The new civil defense: Researchers look at public's role in national cybersecurity

In equating today's citizen role in cybersecurity to the Civil Defense efforts developed at the advent of the era of atomic weapons, UC Political Science faculty members Richard Harknett and James Stever argue that an active role for citizenry participation in security efforts is largely being overlooked. They make their case in a new paper published in the "Journal of Homeland Security and Emergency Management."

Currently, Washington is in a period of re-examining policy towards cybersecurity. The New York Times recently published an extensive story examining U.S. deficiencies in policy towards cyber attacks, and a new study of 600 computer and computer-security executives showed high levels of concern that cyber attacks at any time could compromise our energy and communication sectors.

Harknett and Stever argue that a three-pronged approach to cybersecurity is necessary: the ideas of coordination within government agencies and also between government and business interests surface in almost every discussion on the topic, but the third leg -- engagement with the public about the role they can play in cybersecurity -- rarely gets mentioned.

"The general population must be engaged as active security providers, not simply beneficiaries of security policy, because their practices often create the threats to which government must respond," write Harknett and Stever. As an example, they cite the hijacking last July of up to 50,000 computers for use in a botnet denial-of-service attack on Web sites operated by the U.S. and South Korean governments.

These kinds of threats are the weakest link in our national cybersecurity, they say. The potential is there through cyber attack to, as an example, target the nation's electric grid or financial transaction records

"Any awareness campaign that remains seated in only self-interest (i.e. if you do not protect yourselves bad things will happen to you) will not establish this critical third leg of the cybersecurity triad," Harknett and Stever write. Computer users need to be made to understand that, in the networked age of the Internet, the implications of their not adhering to safe computer practices regarding passwords, security software and downloading protocols can open a door for those with much more malevolent goals than just infecting individual computers with viruses or spyware.

What Harknett and Stever are recommending is a widespread effort to remold how people view cyberspace.
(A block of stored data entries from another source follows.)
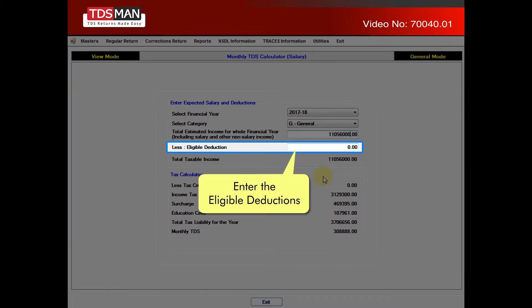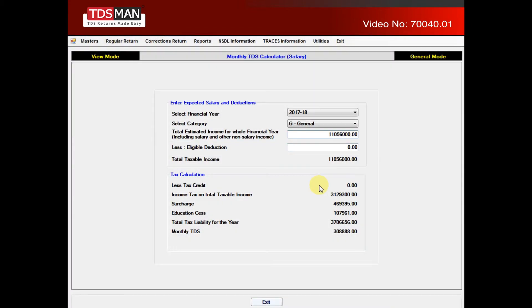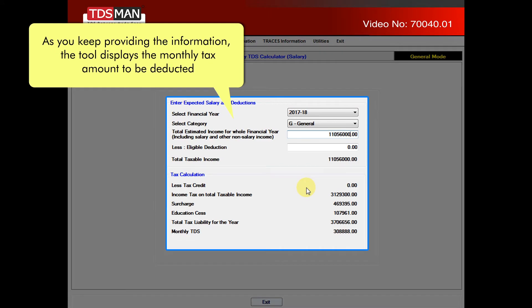Enter the eligible deductions. As you keep providing the information, the tool displays the monthly tax amount to be deducted.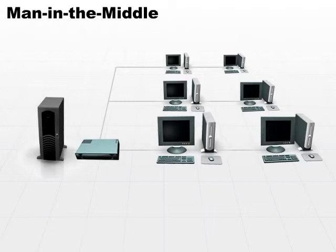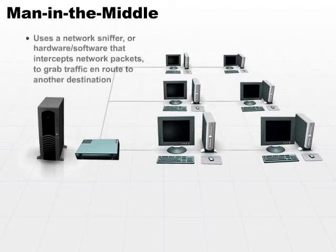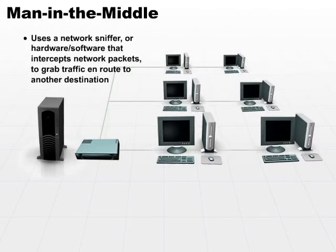You can do this by putting a network interface card into promiscuous mode, which means it's going to be picking up everything. Using a network sniffer, it'll grab traffic en route to another destination.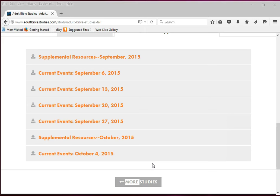The steps you've just completed are the steps you will follow each week when you receive your current events email. Thank you for taking a moment to learn the new process for accessing the free adult Bible study supplemental resources. May you continue to enjoy the ongoing fellowship and faith building you share with your important Bible studies group.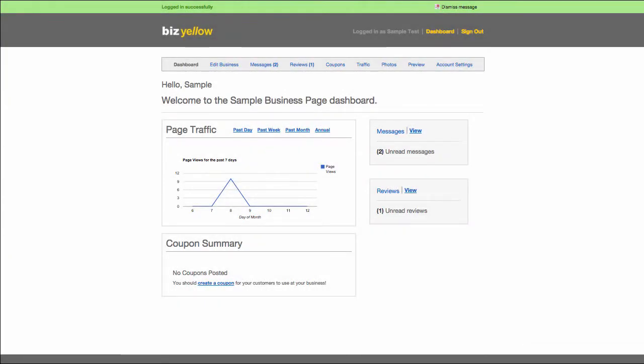The first page you will see after logging into your BizYellow page will be the dashboard. From here, you can access every section of your page using the navigation buttons shown above.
The current view of cyberspace as a private concern needs to be replaced with an attitude that cyberspace is a public good. As they put it, "the key reorientation of any cyber awareness plan must hinge on the notion of active participation in enhancing national security as a civic duty."

The goal would be changes in behavior by all American computer users. The effort should go so far as making secure computing practices part of what is taught to young computer users in the nation's schools.
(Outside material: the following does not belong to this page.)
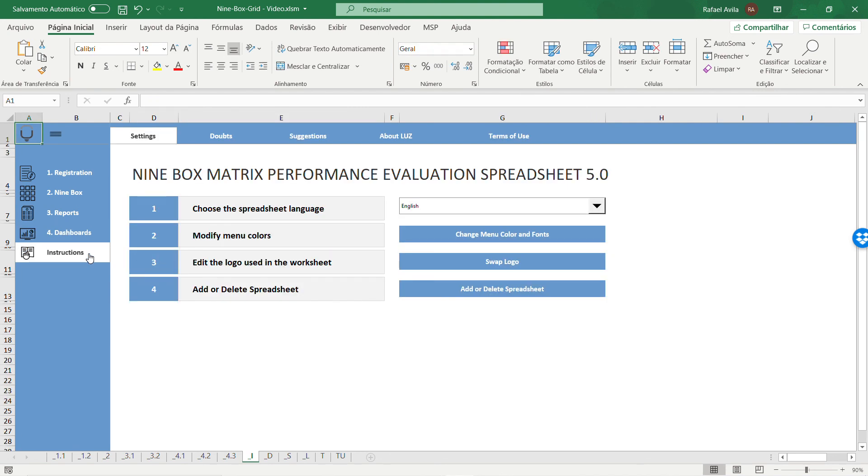This is an excellent spreadsheet for making evaluations of your team.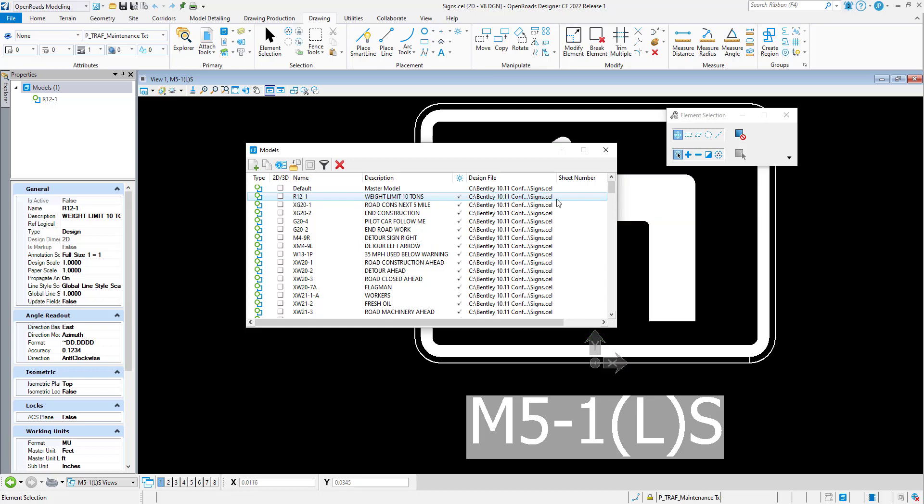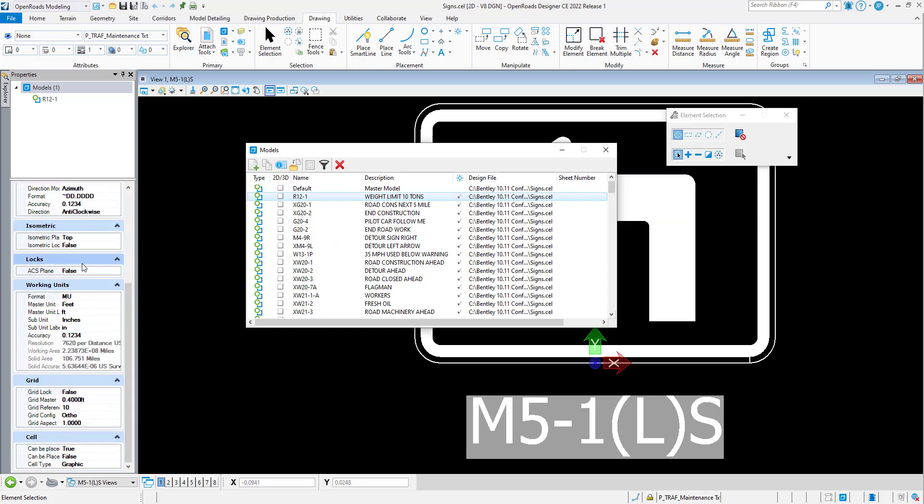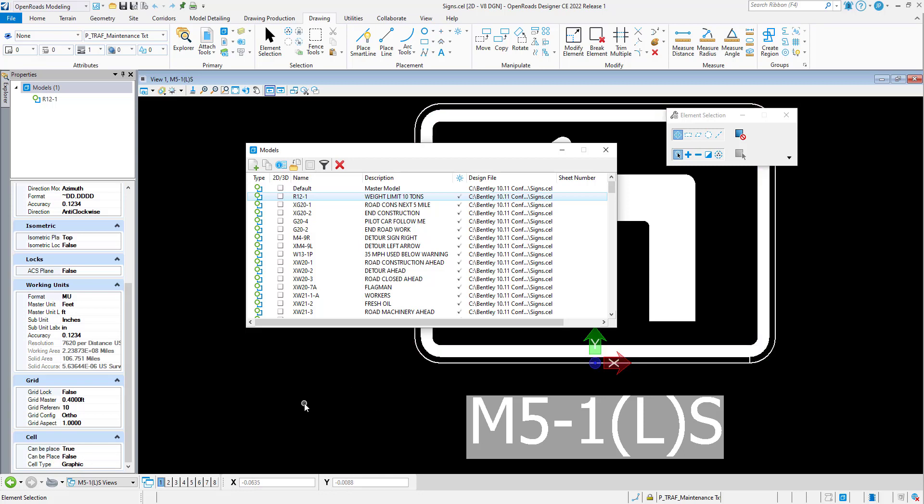It's telling me which design file it comes from. If we scroll down, there's other properties. Can this model be placed as a cell? If that's set to true, then it'll show up in the cell library as a cell that's available to place. Can it be placed as an annotation cell? If it's false, then it's just going to come in and you'd have to scale it up and down. If that's set to true, then it'll automatically scale up and down based on the drawing scale that's applied in the design file.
As an example of what needs to be done, Harknett and Stever cite the onset of Civil Defense planning in the 1950s. The key difference, though, is that Americans in the 1950s were motivated to participate because they instantly understood the perils posed by nuclear weapons. People today don't yet understand the downside risks that could come from a cyber attack.
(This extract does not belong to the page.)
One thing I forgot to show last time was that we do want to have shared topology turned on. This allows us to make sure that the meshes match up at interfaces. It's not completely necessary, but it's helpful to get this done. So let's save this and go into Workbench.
"The ubiquity of computer technology throughout the civilian population will require full societal engagement if the national objective is a secure cyberspace. As the digital environment grows in scale and scope, so too will the need for a cyber civic culture to emerge to manage it," Harknett and Steve write. "Ironically, because the citizenry is less conscious of the cyber than the nuclear threat (as national security threat), a much greater degree of civic mobilization and understanding will be required to face this 21st Century challenge."